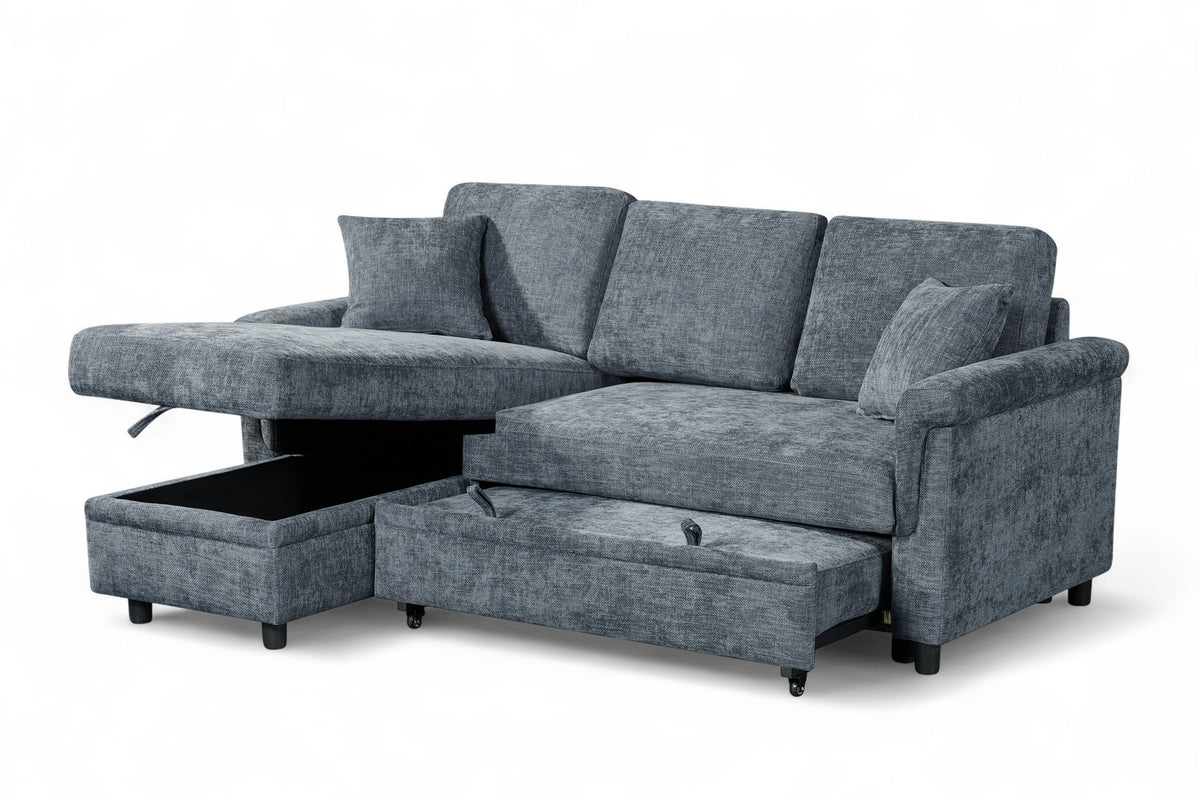 Oscar Blue storage corner sofa bed – left hand view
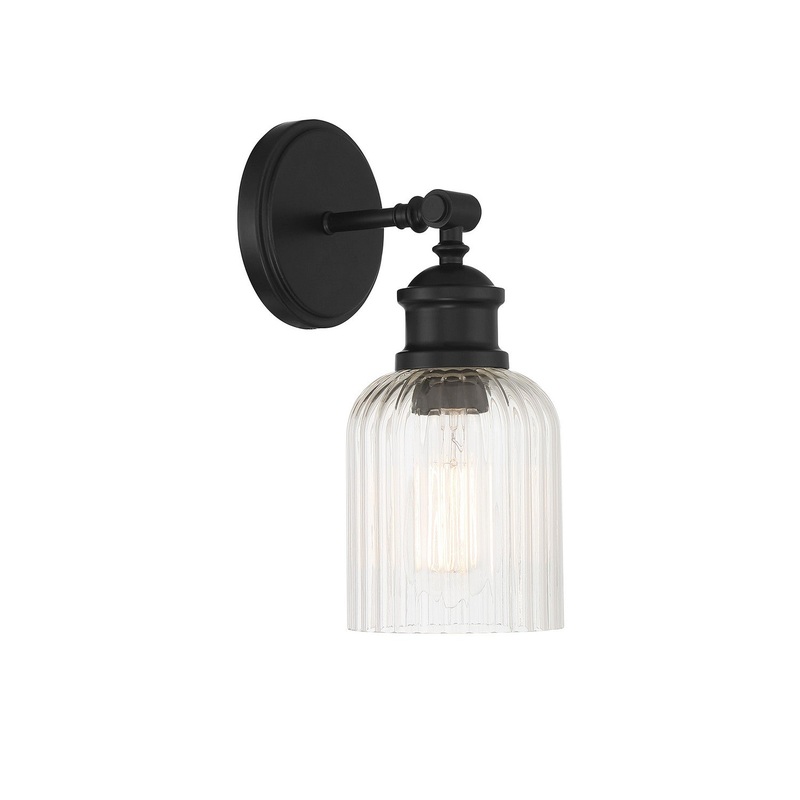 Shoppers Lighting SH90083MBK Isabel One Light Wall Sconce, Matte Black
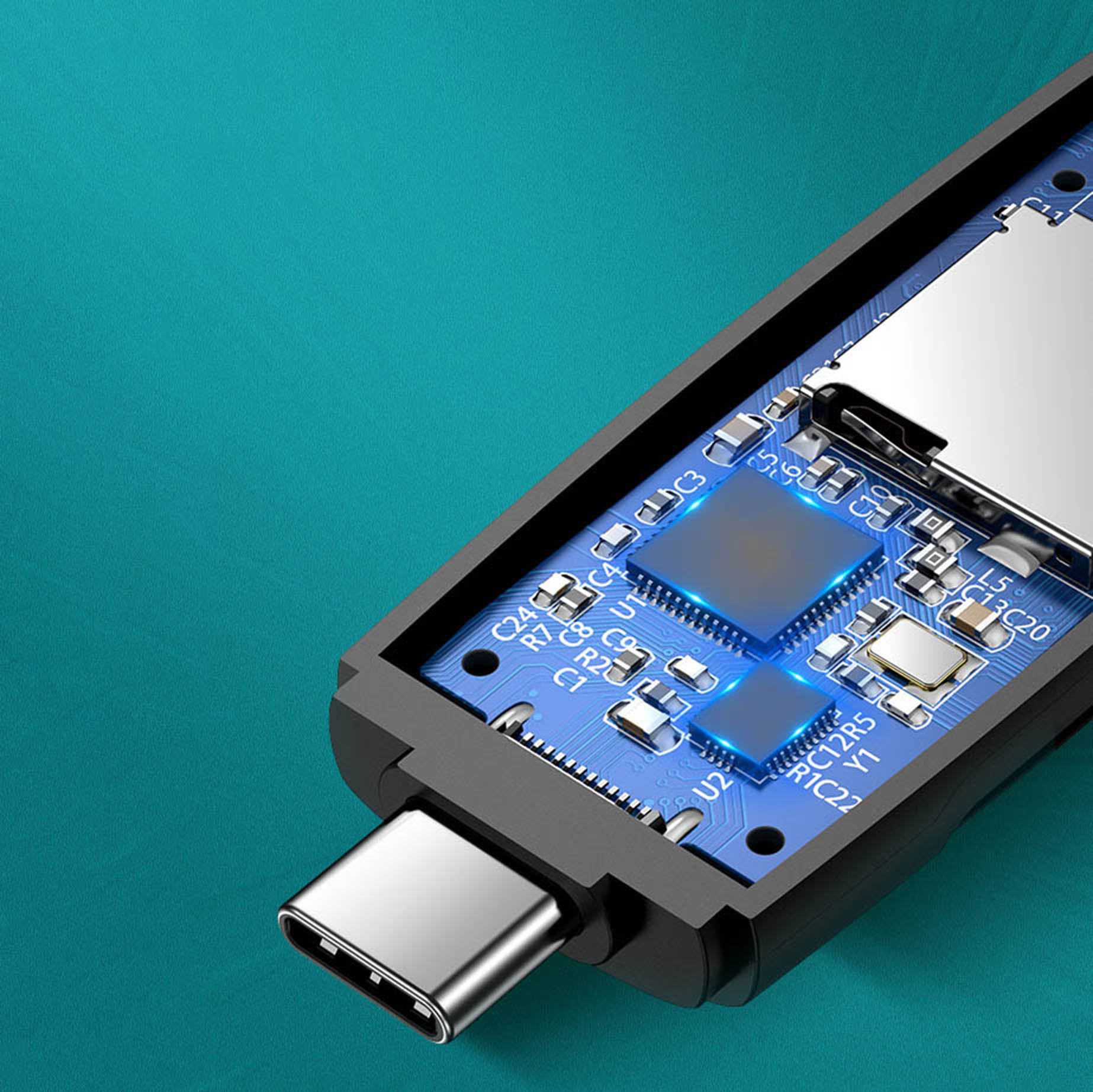 Adapteris Su 2 Jungtimis: Usb-a Ir Usb-c, Sd Ir Micro Sd Kortelių Skaitytuvas, Juodos Spalvos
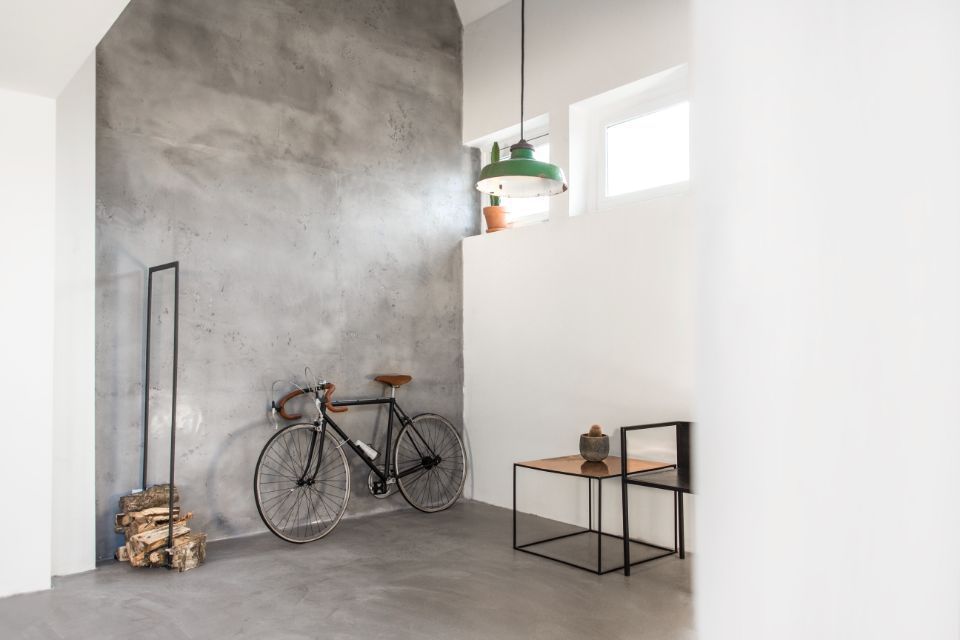 Wohnzimmer mit Sichtbeton Putz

** Problem description **
Each line from the one containing "Adapteris Su 2" to the final line of the data must be printed exactly, both included, with nothing else and no pictures.

** Problem solution **
 Adapteris Su 2 Jungtimis: Usb-a Ir Usb-c, Sd Ir Micro Sd Kortelių Skaitytuvas, Juodos Spalvos
 Wohnzimmer mit Sichtbeton Putz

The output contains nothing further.